Lonesome George, famed Galapagos tortoise, dies

I met Lonesome George about ten years ago when I was on the Galapagos Islands.  He was inside the Charles Darwin Research Center on Santa Cruz Island.  It is sad to think that he was the last of his kind and now he is gone.

QUITO, Ecuador— The giant tortoise Lonesome George, whose failed efforts to produce offspring made him a symbol of disappearing species, was found dead on Sunday, officials at the Galapagos National Park announced.

Lonesome George was believed to be the last living member of the Pinta island subspecies and had become an ambassador of sorts for the islands off Ecuador‘s coast whose unique flora and fauna helped inspire Charles Darwin’s ideas on evolution.

The tortoise’s age was not known but scientists believed he was about 100, not especially old for giant tortoises, who can live well over a century. Scientists had expected him to live another few decades at least.

Various mates had been provided for Lonesome George after he was found in 1972 in what proved unsuccessful attempts to keep his subspecies alive.

He lived at a tortoise breeding center on the archipelago’s island of Santa Cruz. He was found Sunday morning in his pen by his longtime keeper, Fausto Llerena, the park said in a statement.

The park said the cause of his death would be investigated.

The Galapagos’ giant tortoise population was decimated after the arrival of humans but a recovery program run by the park and the Charles Darwin Foundation has increased the overall population from 3,000 in 1974 to 20,000 today.
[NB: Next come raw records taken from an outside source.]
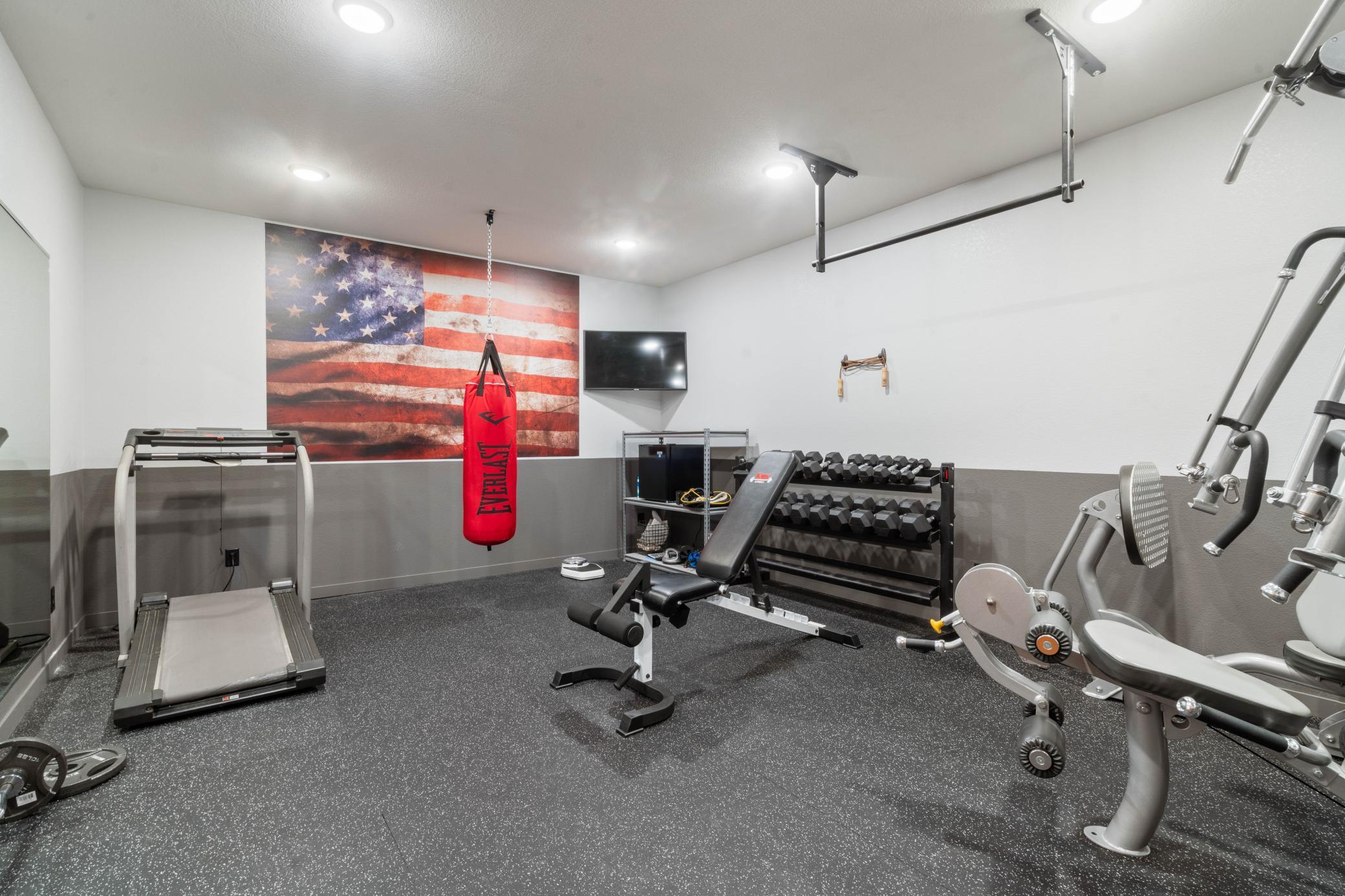 Duluth, Minnesota, 55811, United States, 4 Bedrooms Bedrooms, ,4 BathroomsBathrooms,Residential,Active,1936415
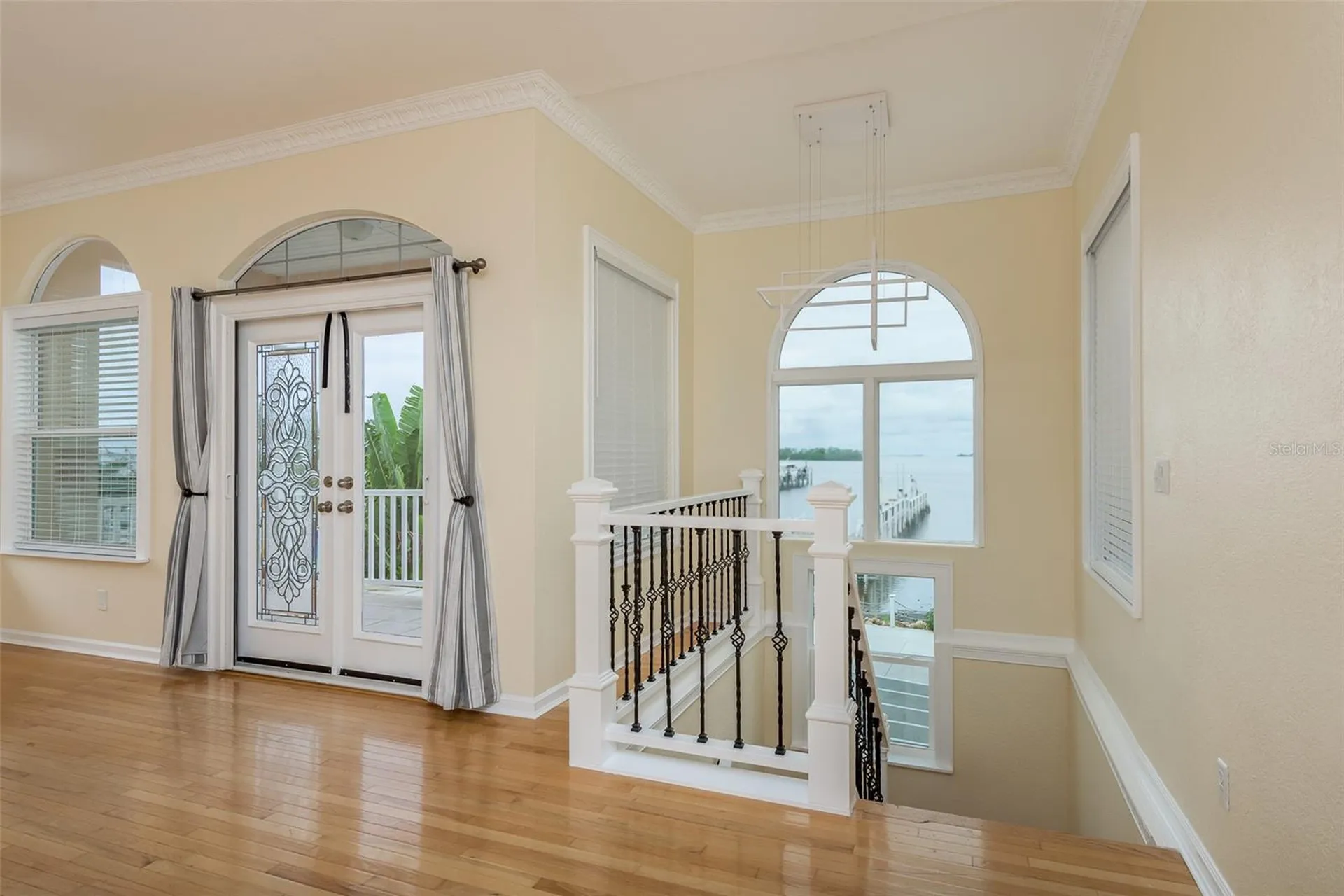 302 Shore Drive Palm Harbor FL 34683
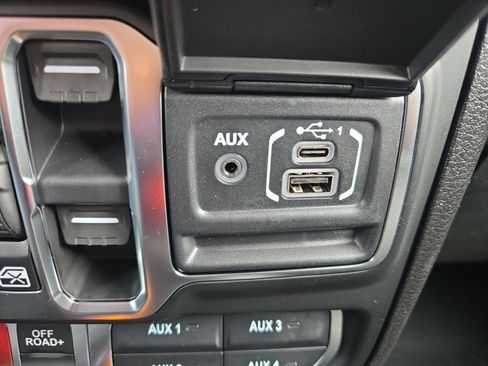 New 2026 Jeep Gladiator Mojave AWD/4WD image 18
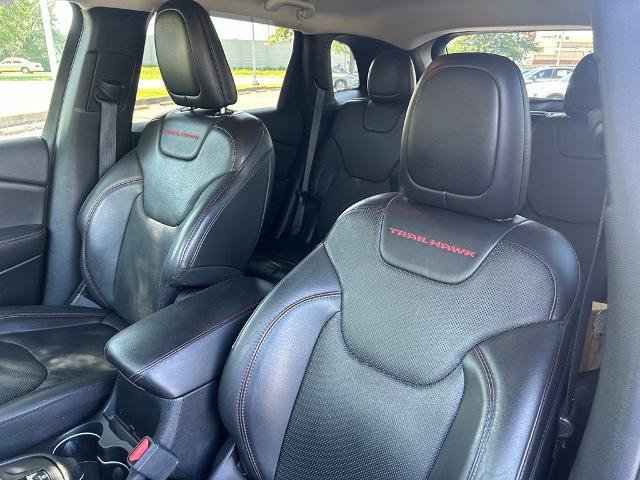 Used 2018 Jeep Cherokee Trailhawk w/ Quick Order Package 27L AWD/4WD image 11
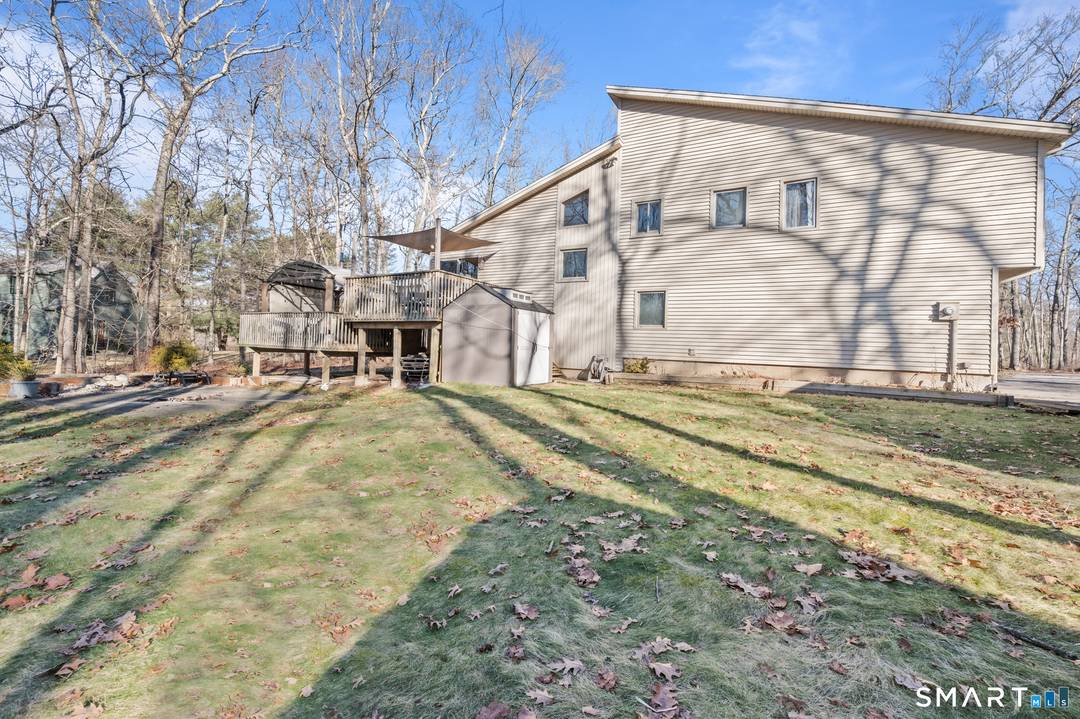 WELCOME TO 2 SUMMIT IN THE ISLAND WOODS COMMUNITY.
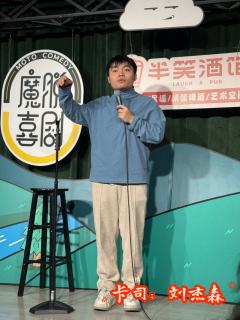 周中午后,默默在心里默念:“今天早点下班吧,我想去看魔脱喜剧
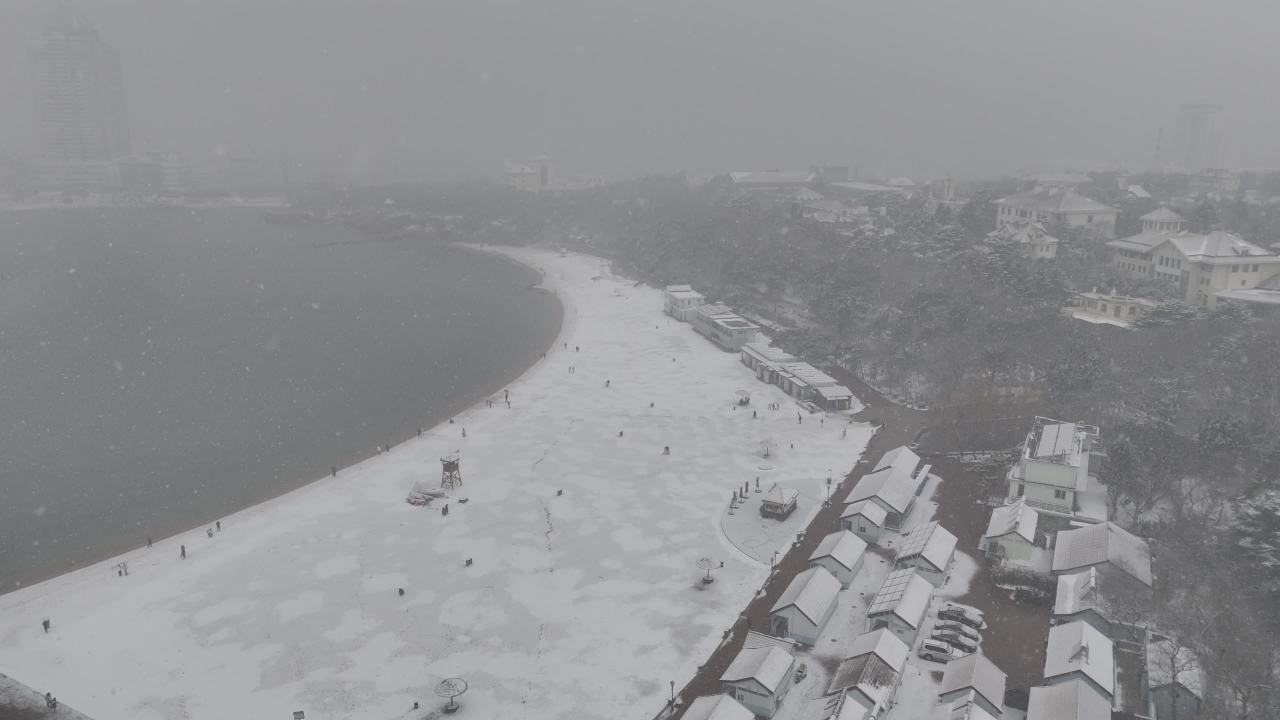 青岛第三海水浴场城市海边雪景航拍 8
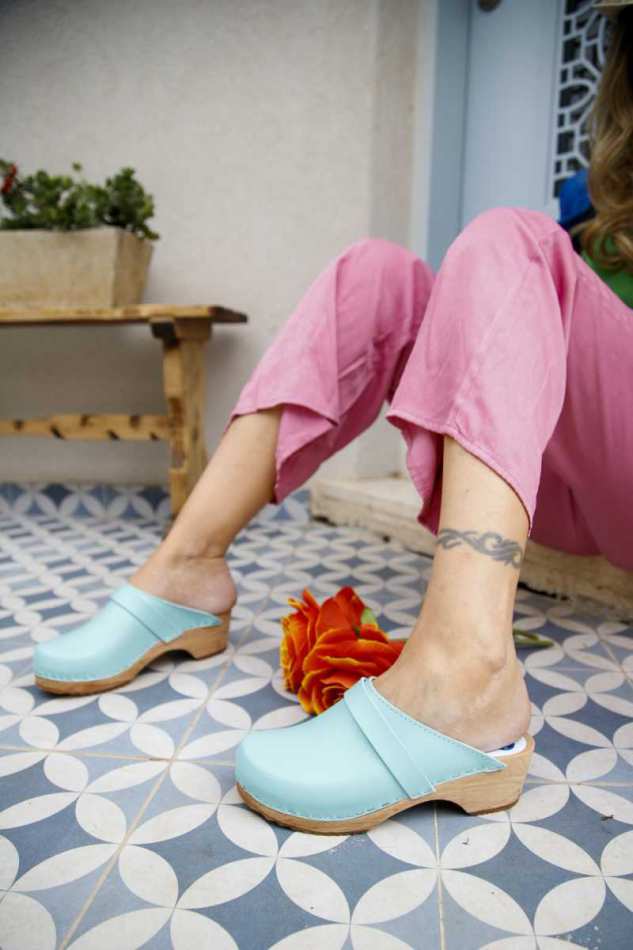 RONA CLOGS כפכפי טורקיז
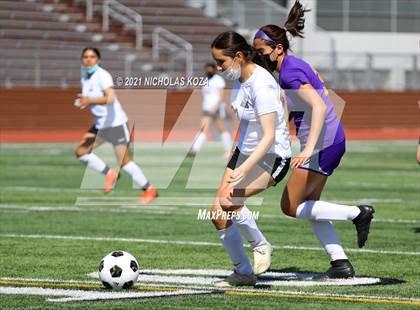 Thumbnail 2 in Paramount vs. Lynwood photogallery.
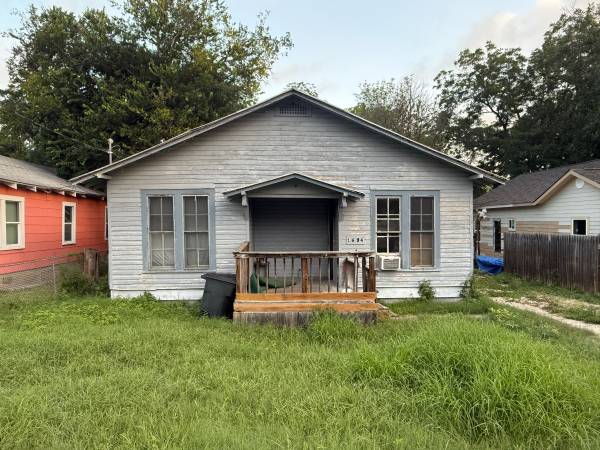 Off Market New Braunfels Huge Discount 1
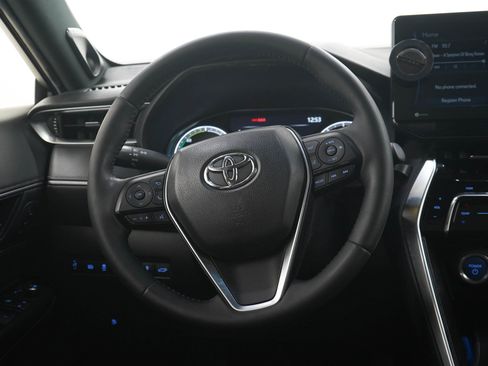 Used 2021 Toyota Venza Limited AWD/4WD image 17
via Lonesome George, famed Galapagos tortoise, dies – latimes.com.


  1. Of course all living beings go through this process – so why am I especially sad about George? perhaps because it’s something of a small fight against the odds when non-human beings have the chance to live out their full life expectancy. I’d think meeting old George would be equal to meeting a King.


    1. We do not witness a species go extinct that often, so I am sure that has a lot to do with it. Sadness. A sense of responsibility. A reminder of our own mortality.

      He was treated like a king there too. He ate heads of lettuce like a beast.


      1. No thank you. I agree, our superiority extends so far as to not only pushing species to extinction, but also bring ones back from the edge of extinction. Is that good stewardship or just exercising ultimate superiority?


      2. I think any time we screw around with nature, there are negative consequences – in the long term. But then again, minds greater than my own on this subject would surely disagree and it gets into that curious region where science becomes opinion.